Kwee-ciangkun sangat memanjakan anak-anaknya hingga mereka itu rata-rata bersifat manja dan nakal.
Akan tetapi hal ini dapat dimengerti karena keenam orang anak-anak itu ditinggal mati ibunya ketika usia
mereka masih belum dewasa.
Ketika itu Loan Nio, bibi Cin Hai itu, menjadi pelayan di gedung keluarga Kwee, dan dia memang telah
bekerja di sana sejak masih kanak-kanak hingga dewasa. Boleh dibilang semua anak-anak Kwee-ciangkun
ketika kecilnya diasuh oleh gadis ini sehingga mereka menjadi suka dan biasa kepada Loan Nio. Maka,
sesudah ibu anak-anak itu meninggal, dan melihat sifat-sifat yang baik serta wajah yang manis dari gadis
itu, Kwee-ciangkun lalu mengambilnya menjadi isteri kedua.
Memang boleh dipuji tindakan panglima yang masih muda ini, karena pilihannya memang tepat dan
bijaksana, tidak semata-mata terdorong oleh nafsu ingin senang sendiri, tetapi sebagian besar didasarkan
untuk kepentingan anak-anaknya. Demikianlah, Loan Nio lalu menjadi seorang isteri panglima dan
sekaligus menjadi ibu enam orang anak, seorang ibu yang baik karena di dalam hatinya memang dia
mempunyai rasa kasih sayang terhadap anak-anak yang semenjak kecil diasuhnya itu.
Cuma sayangnya, anak-anak itu sudah terlampau manja dan karena mereka pun tahu bahwa ibunya yang
sekarang ini bukanlah ibu sendiri, perasaan mereka tentu berbeda dan kadang-kadang terasa ada suatu
ganjalan yang tak menyenangkan.
Apa lagi pada saat Loan Nio mendatangkan anak kemenakannya yang telah yatim piatu, yakni Cin Hai,
maka sering terjadi hal-hal yang menyakitkan hati Cin Hai dan Loan Nio, sungguh pun kejadian-kejadian itu
terjadi di luar tahu Kwee In Liang sendiri.
Kwee In Liang adalah seorang pembesar militer yang memiliki kepandaian silat tinggi, karena dia adalah
seorang murid dari Kun-lun-pai.
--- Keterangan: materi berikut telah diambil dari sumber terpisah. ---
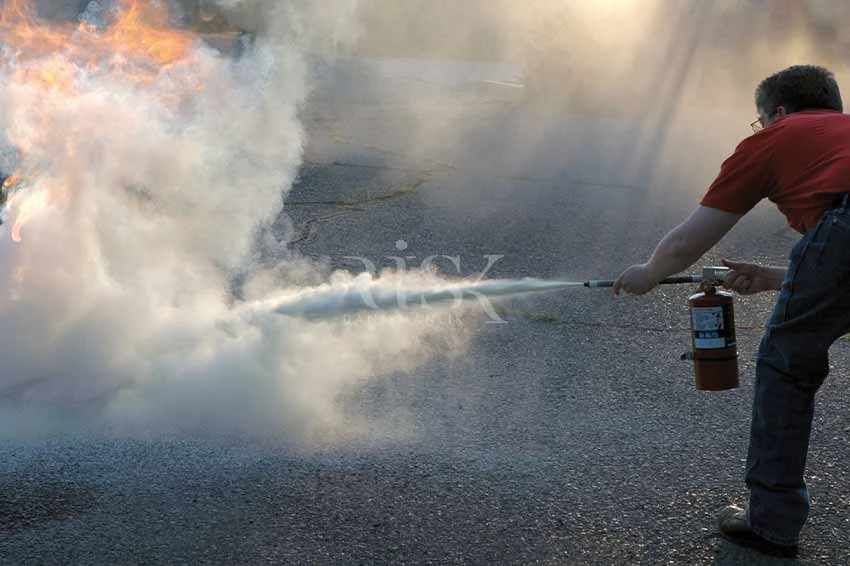 Yangın Risk Analizi Nasıl Yapılır? - Risk Danışmanlık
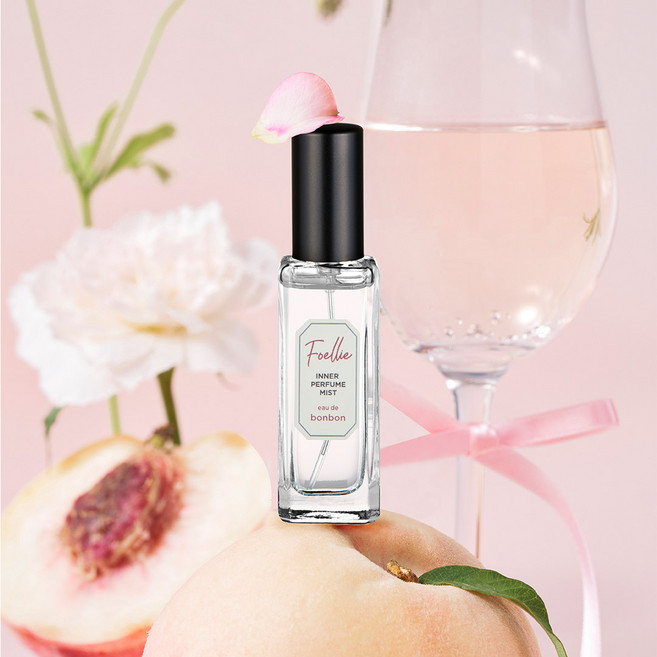 포엘리에 이너퍼퓸 미스트 오드봉봉 여성청결제, 20ml, 1개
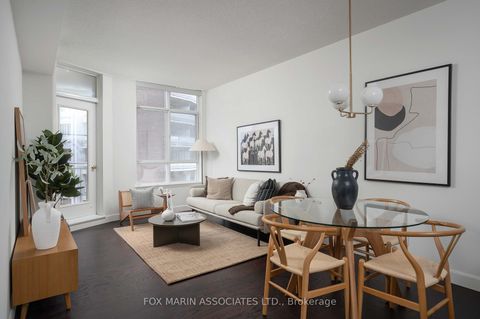 Photo 14 at 701 - 1 Deer Park Crescent, St. Clair, Toronto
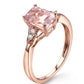 Pink Explosion Ring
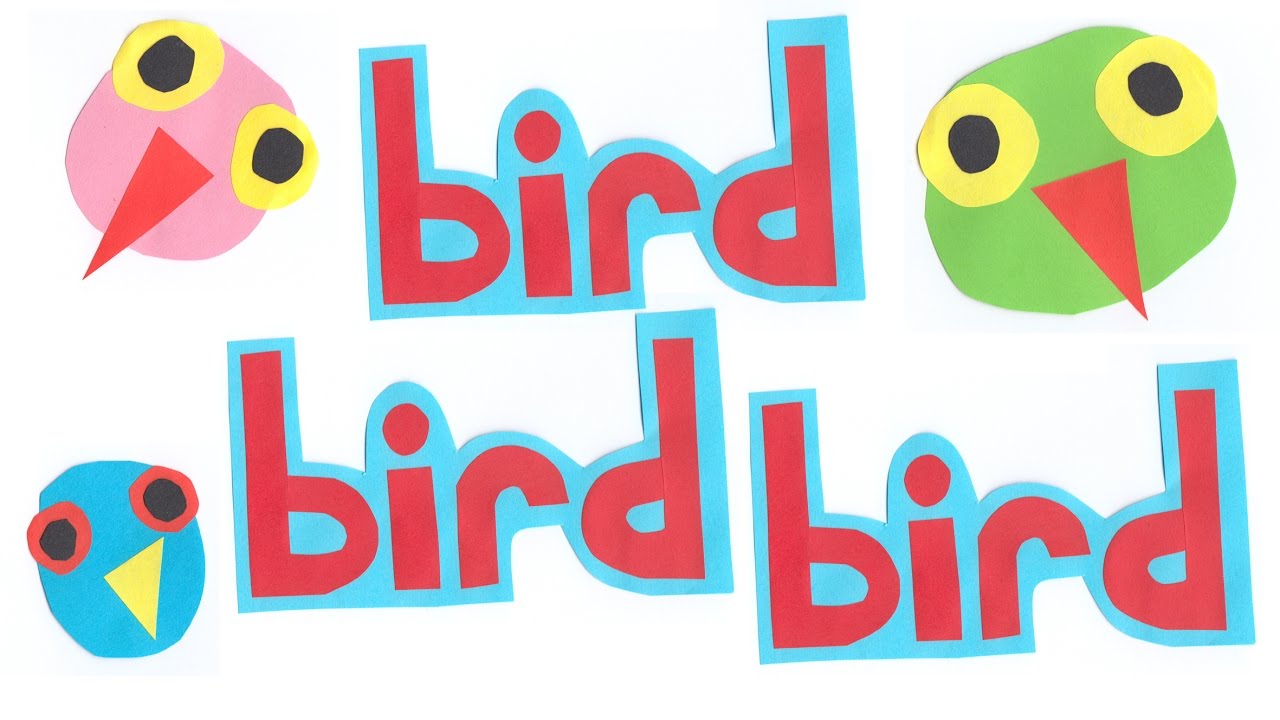 Surfin&rsquo; Bird - Bird Is The Word | The Trashmen | Song Lyrics & Dance Video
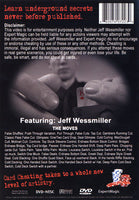 Weapons Of The Card Shark Vol. 2 by Jeff Wessmiller - DVD
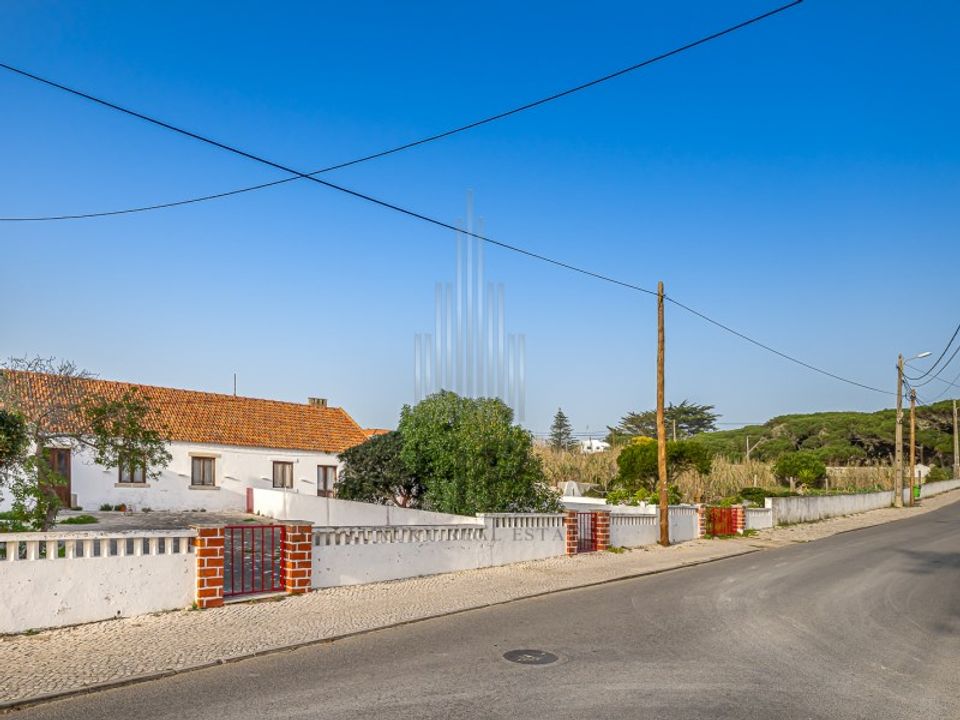Helårsgrund i Almocageme, Lisbon - foto 4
Karena ini, maka tidak heran bila dia mendidik kelima puteranya dengan
ilmu silat, di samping mendidik mereka dalam ilmu surat.
Ketika isterinya membawa Cin Hai ke dalam gedung, hal ini diterima oleh Kwee-ciangkun dengan tangan
terbuka dan senang hati, karena ia yang berhati baik juga merasa kasihan kepada Cin Hai. Melihat bahwa
Cin Hai usianya sebaya dengan puteranya yang ke lima, maka ia lalu sekalian menyuruh Cin Hai belajar
sama-sama dengan putera-puteranya, di bawah pimpinan seorang guru sastera dan untuk belajar silat,
untuk tingkat permulaan ia serahkan mereka kepada seorang guru silat she Tan yang terkenal di kota itu.
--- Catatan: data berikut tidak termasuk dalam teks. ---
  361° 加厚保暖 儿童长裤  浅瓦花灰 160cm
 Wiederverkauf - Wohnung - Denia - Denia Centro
Tapi ternyata bahwa Cin Hai menjadi korban dari segala ejekan dan kebencian. Anak ini kepalanya sengaja
digundul plontos karena dulu sering mendapat sakit kulit di kepalanya. Pula, mukanya yang
membayangkan kebodohan, mungkin karena bingung dan banyak menangis pada saat ditinggal mati oleh
kedua orang tuanya, membuat ia menjadi bahan godaan semua orang.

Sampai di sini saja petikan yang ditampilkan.